# nutro choice food vs orijen



## Guest (Jan 2, 2008)

HI
I am sorry to post yet another thread asking about puppy food, but I really want only what is best for chico, no matter what the cost of the food.

A friend has recommended nutro choice

I am wondering if anybody feeds it or has heard of it and can give some opinions on it?
I know nothing about nutro or orijen, having never heard of either brand before.
Orijen sounds fab, but seems to be only available through one supplier on the net, so I am worried that they'll suddenly stop stocking it.

As I say I want to feed a realy good food, with no rubbish in it like corn maize etc, and I dont mind if it is higher priced than other brands.

nutro do a puppy mini food esp for toy breeds, I wondered if that was any good or if orijen really is the best food to get.

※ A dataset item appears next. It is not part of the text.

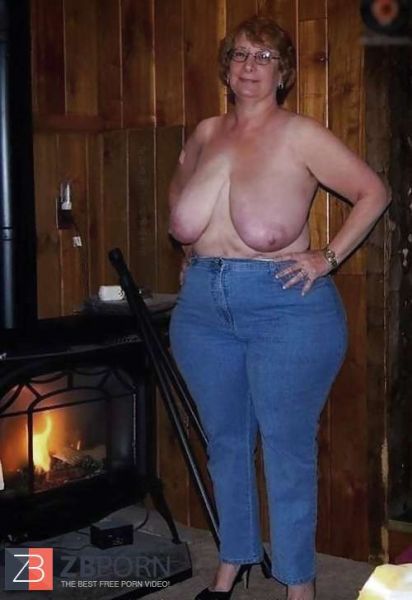 mature wide hips milf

I never realised buying puppy food could be so confusing lol. If I can get something ordered by noon tomorrow it will be here by saturday ready for chico's arrival sunday.


----------



## *Chloe* (Feb 6, 2006)

i have recently swiched Twig onto Nutro Choice Holistic and shes doing fab on it her coat is much more shiney and softer - the only thing i dont like so much are the pieces are bigger than the RC mini i was feeding her but i imagine the puppy version may have smaller pieces and they do a mini version i think, just not of the holistic variety which is the one i wanted to feed, but its a good food lot less greasy that the RC.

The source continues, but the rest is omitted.